- _Recorded information_:
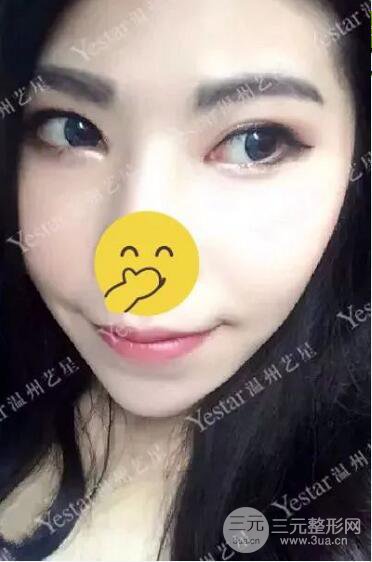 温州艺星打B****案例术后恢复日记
--
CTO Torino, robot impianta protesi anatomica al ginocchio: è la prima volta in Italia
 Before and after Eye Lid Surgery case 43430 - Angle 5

- _Aim of the task_: Only one stretch of the data above is needed. Restate it word for word, from the line containing "CTO Torino, robot" through the line containing "Before and after", both ends included.

- _Output below_:
CTO Torino, robot impianta protesi anatomica al ginocchio: è la prima volta in Italia
 Before and after Eye Lid Surgery case 43430 - Angle 5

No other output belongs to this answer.